An Interview with Timothy Lock, Ph.D.

by Gordon Nary


Gordon: Where did you earn your Doctorate in Clinical Psychology, and what was the mpst challenging course that you took, and why was it so challenging?


Dr. Lock: The State University of New York at Binghamton is where I did my doctoral studies. As an undergraduate, I studied under a professor who was developing new treatments for individuals who had been traumatized, specifically by abuse. Hearing about the horrors of abuse led me to feel tremendous compassion for the victims.


I was also fascinated in some newly developing treatment approaches that could really help people get their lives back. I decided to do my graduate studies with this same professor so that I could learn the treatment approaches and contribute some research to the field with the hope of, please God, alleviating human suffering. I graduated in the year 2000, right around the same time the Catholic psychology doctoral program was beginning at Divine Mercy University (or DMU).


Students at DMU benefit from the curriculum that teaches the integration of psychology and theology and Catholic spirituality. At a state university, like SUNY Binghamton, I did not get any training in this type of integration. However, like many Catholic folks in mental health, I found mentors to supervise me and guide me in how to practice as a Catholic psychologist.


Gordon: Is a Catholic psychologist different from a psychologist who is Catholic?

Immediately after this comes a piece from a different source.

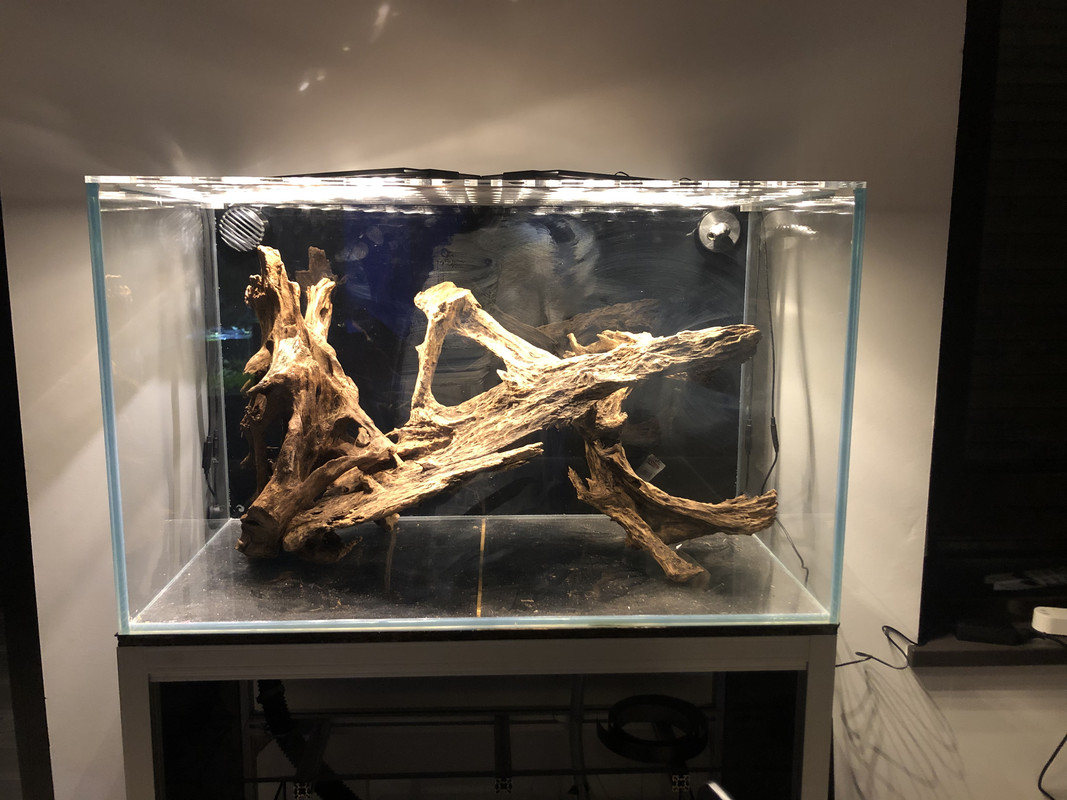 F039BCFD-3223-4ABA-AAB6-315EE18C6C1A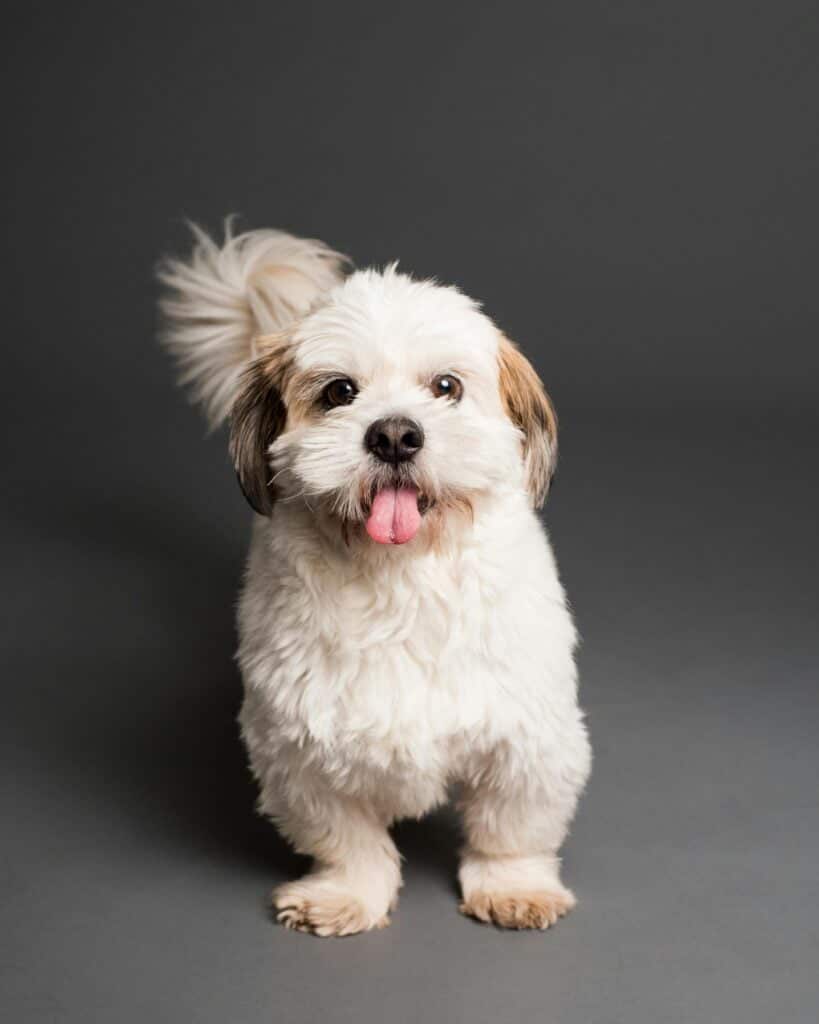 Shih Tzu contento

Dr. Lock: There are many psychologists, and clinicians in the mental health field, who are Catholic. Many are very devout and offer excellent psychotherapy. Someone who calls themselves a "Catholic psychologist" or a "Catholic mental health professional" offers psychotherapy through a lens of Catholic theology and spirituality.


We Catholic therapists try to approach the person as a unified whole - the unity that includes the client's Catholicism faith and their Catholic spirituality. We often try to augment good state-of-the-art psychotherapeutic techniques with our Catholic theological heritage.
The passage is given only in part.